No. I meant what I wrote. The thing with the straw and or feathers is just word play, a communication problem. I am talking about an actual misunderstanding of the nature of physics.
I have seen people (science teacher types) ask the question by holding out a rock and a scrunched up piece of paper and asking which will hit the ground first when dropped. There is no sophistry—the universe doesn’t do ‘trick questions’. Buoyancy, friction and drag are all obviously dwarfed here by experimental error. People get the answer wrong. They expect to see the rock hit the ground noticeably earlier. Even more significantly, they are surprised when they both fall about the same speed. In fact, sometimes they go as far as to accuse the demonstrator of playing some sort of trick and insist on performing the experiment themselves.
The same kind of intuitive (mis)understanding of gravity would lead people to also guess wrong about things like what would happen on the moon.
Even better is the question “what weighs more, a pound of feathers, or a pound of gold?”
Gur zrgny vf yvtugre—vg’f zrnfherq va gebl cbhaqf, juvpu unir gjryir bhaprf gb gur cbhaq engure guna fvkgrra, naq n gebl bhapr vf nccebkvzngryl gur fnzr na nibveqhcbvf bhapr.

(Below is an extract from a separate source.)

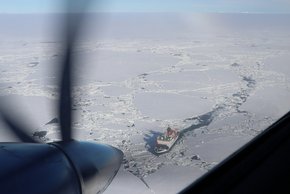 Erster Überflug von Polar 6 über der Polarstern im Eis. Foto: Tatiana Nomokonova, Universität zu Köln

Feathers have lower density, so the same mass occupies greater volume, experiences greater buoyancy and weighs less.
Edit: I just realized a bit of bias on my part. I probably wouldn’t have commented if you had used SI unit for mass [kg] even though that is just as often used in non-scientific context to mean “what the scale shows” as pounds.
I completley misread what you actually wrote and just took the “what weighs more, a pound of feathers, or a pound of gold” of the previous commenter into account.
You explicitly refer to mass, so sorry if you read the unedited comment.
We have an ambiguity between whether the weight-measure refers to mass or to what the scales show. For two objects (gold and feathers) it is stated that one of these properties is the same, and the question is about the other property. From the context, we can’t obviously disambiguate one way or the other. In such situations, assumptions are usually made to make the problem statement meaningful.